I would bet that if you can save a ride to the microSD card, you could then put that card into a tablet to do a manual file upload if the card shows up under the browser when you hit manual file upload.

This brings to mind how long it took Garmin to support Macs. I'm sure part of it has to do with the limitations of the OS itself. But people are starting to want to get rid of laptops and desktops for smaller devices. This is a big reason why I do not see getting rid of my desktop anytime soon. I do too much content creation that requires more processing oomph and flexibility than consumption devices allow. Even using a laptop for some of the things I do is tedious. And manipulating maps and geographic data are a big reason I won't be moving away from Windows for good, either.

So in large part, my decisions about which computing devices to purchase are largely determined by the things I do and the software I use.


----------



## Wherewolf (Jan 17, 2004)

*Yes*



NateHawk said:


> I would bet that if you can save a ride to the microSD card, you could then put that card into a tablet to do a manual file upload if the card shows up under the browser when you hit manual file upload.

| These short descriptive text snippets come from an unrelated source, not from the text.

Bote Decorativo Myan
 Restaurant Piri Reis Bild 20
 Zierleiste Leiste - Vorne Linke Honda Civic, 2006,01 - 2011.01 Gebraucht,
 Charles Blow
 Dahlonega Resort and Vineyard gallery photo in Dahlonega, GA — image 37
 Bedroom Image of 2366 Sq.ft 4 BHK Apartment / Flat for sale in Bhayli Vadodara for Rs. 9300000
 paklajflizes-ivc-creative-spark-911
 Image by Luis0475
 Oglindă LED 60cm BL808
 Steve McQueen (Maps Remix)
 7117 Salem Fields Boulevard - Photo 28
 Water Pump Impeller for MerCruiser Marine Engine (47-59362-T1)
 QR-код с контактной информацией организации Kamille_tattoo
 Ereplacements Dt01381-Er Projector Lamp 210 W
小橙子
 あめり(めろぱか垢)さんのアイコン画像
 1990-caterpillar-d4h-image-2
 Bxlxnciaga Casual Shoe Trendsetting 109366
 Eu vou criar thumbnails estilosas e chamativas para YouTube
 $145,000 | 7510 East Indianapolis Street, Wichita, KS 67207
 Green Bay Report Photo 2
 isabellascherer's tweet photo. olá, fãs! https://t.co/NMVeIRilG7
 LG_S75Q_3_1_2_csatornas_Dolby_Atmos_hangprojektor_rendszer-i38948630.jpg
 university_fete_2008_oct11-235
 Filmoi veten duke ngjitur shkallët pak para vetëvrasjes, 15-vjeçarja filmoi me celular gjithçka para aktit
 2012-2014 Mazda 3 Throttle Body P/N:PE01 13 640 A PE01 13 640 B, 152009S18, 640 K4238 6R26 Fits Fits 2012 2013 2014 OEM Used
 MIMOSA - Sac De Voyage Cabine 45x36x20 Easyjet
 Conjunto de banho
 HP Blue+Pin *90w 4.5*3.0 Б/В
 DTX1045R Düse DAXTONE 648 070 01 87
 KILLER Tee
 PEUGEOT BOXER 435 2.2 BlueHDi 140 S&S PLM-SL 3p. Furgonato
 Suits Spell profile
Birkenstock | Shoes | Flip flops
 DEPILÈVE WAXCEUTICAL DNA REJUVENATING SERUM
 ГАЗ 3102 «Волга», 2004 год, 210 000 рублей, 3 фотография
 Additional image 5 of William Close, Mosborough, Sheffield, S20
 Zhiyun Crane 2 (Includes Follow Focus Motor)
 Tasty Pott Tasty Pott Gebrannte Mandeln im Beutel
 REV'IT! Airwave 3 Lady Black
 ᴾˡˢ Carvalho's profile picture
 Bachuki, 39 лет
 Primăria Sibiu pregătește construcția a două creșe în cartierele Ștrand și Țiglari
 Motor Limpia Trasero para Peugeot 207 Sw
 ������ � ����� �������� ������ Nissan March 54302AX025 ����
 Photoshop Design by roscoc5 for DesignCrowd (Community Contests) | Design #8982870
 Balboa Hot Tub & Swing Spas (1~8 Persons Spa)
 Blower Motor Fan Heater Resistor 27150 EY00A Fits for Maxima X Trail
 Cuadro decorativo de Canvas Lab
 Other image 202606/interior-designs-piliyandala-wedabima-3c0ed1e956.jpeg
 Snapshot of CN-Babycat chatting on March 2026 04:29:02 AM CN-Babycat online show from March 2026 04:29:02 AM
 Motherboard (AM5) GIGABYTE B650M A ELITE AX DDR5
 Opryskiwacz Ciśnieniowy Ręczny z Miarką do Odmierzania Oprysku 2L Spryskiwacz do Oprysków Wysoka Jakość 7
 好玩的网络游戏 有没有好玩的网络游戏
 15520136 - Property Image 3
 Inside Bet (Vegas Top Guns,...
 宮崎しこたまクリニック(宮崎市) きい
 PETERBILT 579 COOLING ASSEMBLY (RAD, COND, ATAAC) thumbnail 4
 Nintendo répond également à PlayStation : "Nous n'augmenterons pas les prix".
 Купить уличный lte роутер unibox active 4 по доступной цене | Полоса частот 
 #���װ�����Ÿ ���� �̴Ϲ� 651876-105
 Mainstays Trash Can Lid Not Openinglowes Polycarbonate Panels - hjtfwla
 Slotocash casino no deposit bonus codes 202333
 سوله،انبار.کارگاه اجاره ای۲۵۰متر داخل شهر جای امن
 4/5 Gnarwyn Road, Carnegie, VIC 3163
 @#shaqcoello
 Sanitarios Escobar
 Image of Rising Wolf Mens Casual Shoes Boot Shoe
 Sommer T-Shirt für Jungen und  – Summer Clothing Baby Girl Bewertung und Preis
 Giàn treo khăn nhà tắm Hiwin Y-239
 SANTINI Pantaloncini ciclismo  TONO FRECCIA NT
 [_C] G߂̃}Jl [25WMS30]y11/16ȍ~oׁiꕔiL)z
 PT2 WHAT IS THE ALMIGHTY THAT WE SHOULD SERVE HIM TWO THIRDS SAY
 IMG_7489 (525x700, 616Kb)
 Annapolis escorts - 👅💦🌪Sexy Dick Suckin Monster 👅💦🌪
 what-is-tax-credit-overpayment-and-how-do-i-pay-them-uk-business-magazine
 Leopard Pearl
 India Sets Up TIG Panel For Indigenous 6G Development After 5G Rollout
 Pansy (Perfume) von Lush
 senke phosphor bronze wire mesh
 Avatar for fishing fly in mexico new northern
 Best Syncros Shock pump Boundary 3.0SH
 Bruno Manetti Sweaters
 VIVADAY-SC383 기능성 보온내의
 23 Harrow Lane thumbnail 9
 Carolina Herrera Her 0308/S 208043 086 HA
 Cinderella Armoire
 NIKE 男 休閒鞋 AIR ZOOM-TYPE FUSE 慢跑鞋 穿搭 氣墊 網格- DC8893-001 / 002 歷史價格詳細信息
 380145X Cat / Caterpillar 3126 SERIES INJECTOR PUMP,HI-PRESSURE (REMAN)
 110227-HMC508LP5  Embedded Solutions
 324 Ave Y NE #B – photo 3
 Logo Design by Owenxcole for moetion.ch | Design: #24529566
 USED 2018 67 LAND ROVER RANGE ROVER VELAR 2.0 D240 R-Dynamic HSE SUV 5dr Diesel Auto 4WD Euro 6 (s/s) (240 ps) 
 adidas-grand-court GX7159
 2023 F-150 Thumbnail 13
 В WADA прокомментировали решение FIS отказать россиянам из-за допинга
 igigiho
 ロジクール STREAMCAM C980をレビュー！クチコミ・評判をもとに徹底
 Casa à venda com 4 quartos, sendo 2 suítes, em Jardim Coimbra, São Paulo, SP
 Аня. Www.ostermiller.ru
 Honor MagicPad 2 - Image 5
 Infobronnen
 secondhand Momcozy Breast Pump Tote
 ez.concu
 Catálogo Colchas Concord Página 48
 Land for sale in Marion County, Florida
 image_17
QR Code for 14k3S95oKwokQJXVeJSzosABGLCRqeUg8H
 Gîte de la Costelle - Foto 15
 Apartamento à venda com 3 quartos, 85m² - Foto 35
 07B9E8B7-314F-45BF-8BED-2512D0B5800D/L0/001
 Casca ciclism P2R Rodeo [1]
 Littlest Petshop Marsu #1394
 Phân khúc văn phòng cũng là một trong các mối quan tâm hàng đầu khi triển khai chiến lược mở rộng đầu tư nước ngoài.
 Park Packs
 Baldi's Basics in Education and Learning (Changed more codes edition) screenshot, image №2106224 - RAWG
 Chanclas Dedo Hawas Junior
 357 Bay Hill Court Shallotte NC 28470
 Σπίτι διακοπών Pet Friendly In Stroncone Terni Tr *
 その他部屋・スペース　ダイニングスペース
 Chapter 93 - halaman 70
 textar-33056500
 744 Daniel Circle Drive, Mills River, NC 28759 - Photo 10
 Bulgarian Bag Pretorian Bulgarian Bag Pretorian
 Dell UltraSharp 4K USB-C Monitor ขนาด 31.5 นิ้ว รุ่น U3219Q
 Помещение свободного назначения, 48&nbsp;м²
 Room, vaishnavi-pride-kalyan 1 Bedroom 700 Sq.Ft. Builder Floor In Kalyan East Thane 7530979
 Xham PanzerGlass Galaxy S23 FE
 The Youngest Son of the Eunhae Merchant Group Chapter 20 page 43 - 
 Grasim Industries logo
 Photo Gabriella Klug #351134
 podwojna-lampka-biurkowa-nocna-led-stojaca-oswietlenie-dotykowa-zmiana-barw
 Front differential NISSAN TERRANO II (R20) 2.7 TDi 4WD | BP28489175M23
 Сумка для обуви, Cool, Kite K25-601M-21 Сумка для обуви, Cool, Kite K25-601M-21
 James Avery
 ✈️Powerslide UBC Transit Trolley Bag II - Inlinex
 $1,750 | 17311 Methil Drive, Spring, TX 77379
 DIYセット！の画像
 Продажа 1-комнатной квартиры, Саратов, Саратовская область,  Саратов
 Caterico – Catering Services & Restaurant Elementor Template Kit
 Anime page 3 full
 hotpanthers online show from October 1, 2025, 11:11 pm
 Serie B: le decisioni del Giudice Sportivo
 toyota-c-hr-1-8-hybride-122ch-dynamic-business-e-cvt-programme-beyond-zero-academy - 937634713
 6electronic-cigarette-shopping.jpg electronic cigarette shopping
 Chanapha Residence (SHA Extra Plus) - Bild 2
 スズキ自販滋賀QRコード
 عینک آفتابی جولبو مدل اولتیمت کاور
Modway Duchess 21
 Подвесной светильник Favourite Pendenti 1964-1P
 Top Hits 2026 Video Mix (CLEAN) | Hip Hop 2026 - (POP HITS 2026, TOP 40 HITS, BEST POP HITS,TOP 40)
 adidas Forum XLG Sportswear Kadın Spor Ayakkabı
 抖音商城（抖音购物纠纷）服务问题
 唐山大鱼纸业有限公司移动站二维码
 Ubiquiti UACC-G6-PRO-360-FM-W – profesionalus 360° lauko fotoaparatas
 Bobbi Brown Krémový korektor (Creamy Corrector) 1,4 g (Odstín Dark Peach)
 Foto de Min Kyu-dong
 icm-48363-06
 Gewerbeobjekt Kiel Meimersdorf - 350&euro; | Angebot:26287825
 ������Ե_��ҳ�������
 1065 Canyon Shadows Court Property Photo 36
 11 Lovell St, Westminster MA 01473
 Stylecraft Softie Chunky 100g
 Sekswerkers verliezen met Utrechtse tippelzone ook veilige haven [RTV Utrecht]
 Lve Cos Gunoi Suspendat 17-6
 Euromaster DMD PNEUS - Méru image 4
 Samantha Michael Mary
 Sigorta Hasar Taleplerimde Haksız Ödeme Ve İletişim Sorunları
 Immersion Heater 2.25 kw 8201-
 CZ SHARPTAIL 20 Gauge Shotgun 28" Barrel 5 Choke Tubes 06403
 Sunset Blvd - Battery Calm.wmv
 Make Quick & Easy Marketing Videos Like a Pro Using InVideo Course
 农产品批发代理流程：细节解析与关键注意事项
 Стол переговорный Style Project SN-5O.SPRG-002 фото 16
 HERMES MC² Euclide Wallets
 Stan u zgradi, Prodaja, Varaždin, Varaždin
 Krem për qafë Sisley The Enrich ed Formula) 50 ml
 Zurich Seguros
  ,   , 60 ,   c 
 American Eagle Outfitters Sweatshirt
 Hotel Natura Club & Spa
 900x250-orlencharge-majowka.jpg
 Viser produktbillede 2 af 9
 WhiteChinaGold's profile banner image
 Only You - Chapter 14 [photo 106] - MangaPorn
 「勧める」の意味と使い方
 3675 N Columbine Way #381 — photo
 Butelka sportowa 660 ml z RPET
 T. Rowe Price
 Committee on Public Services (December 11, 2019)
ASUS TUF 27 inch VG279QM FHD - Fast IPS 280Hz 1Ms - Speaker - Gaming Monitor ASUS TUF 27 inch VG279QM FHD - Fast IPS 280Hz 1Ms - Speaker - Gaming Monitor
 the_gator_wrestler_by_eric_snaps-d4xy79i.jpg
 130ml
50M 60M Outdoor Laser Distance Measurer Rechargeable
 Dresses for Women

My Android ASUS Transformer tablet recognizes files in the GPS memory (not the microSD card) which you can upload manually. I have to take out the micro SD card, stick it into a USB stick, and upload manually. I assume I could also put it into a SD card adapter and plug it directly into the SD slot on the keyboard.


----------



## Harold (Dec 23, 2003)

Wherewolf said:


> Nope, I spent a lot of time on this and also researched it in the Garmin forums.


that sucks. guess that will keep me off of other tablet OSes and tied into the Windows environment on just about all my devices for the forseeable future. At some point, I will be looking to replace my now-dead laptop with a tablet for travel purposes. the biggest thing it needs to be able to do is manage files from my still cameras, GoPro, and GPSes.


----------



## cstem (Jan 13, 2006)

So far from what I have read, the tablet computers (is Chromebook a tablet? I am computer dumb for sure) are not yet rated acceptable for serious photo/video editors unless using an app like Picasa. Yeah I know it is super basic, but for phone pic users like me, it works. Remember, I am still using an Edge 305. I am old school and would still use a VIC20 if I could get away with it-lol!

Also no info that is reliable about being able to use Garmin Comm on one yet. I will post what I can find and understand.


----------



## Wherewolf (Jan 17, 2004)

*Eureka!*

Eureka! I decided to go back and try manual upload again on my Android ASUS Transformer TF700T and it worked! I don't know what has changed since I tried numerous times last summer. I suspect it is the new file manager I installed, ES File Explorer because I couldn't upload to either Garmin Connect nor Strava. Now I can do manual uploads to both. This is great news for when I'm on biking tips. When you attach the full keyboard to the Transformer you have one incredibly thin and light tablet that now does just about everything.

http://connect.garmin.com:80/activity/embed/439089303​


----------



## Harold (Dec 23, 2003)

good to hear it works.

I'm a little unclear on the procedure, though. Are you saying that using the memory card slot on the device itself does not work at all, and that you even have to remove the card for the USB method to work? It's kinda odd, but I wonder if there's some kind of hardware restriction on the number of additional devices can be connected at once?


----------



## cstem (Jan 13, 2006)

Nice- 

The Garmin site is poop, no surprise right? I have decided when the insurance check comes to just pick up another standard laptop with a standard windows OS. Thanks for the replies!


----------



## Wherewolf (Jan 17, 2004)

If I plug the GPS unit into tablet via USB it only recognizes the internal memory, not the microSd card. As you probably know a regular computer would recognize both. But I can take the microSD card out of the GPS and plug it into the tablet USB port and the tablet recognizes it. I can't find my microSD to SD card converter but I would assume that would just plug into the SD card slot on the keyboard base. I would probably go that route since I use the USB port for a mouse, which I need for serious computing.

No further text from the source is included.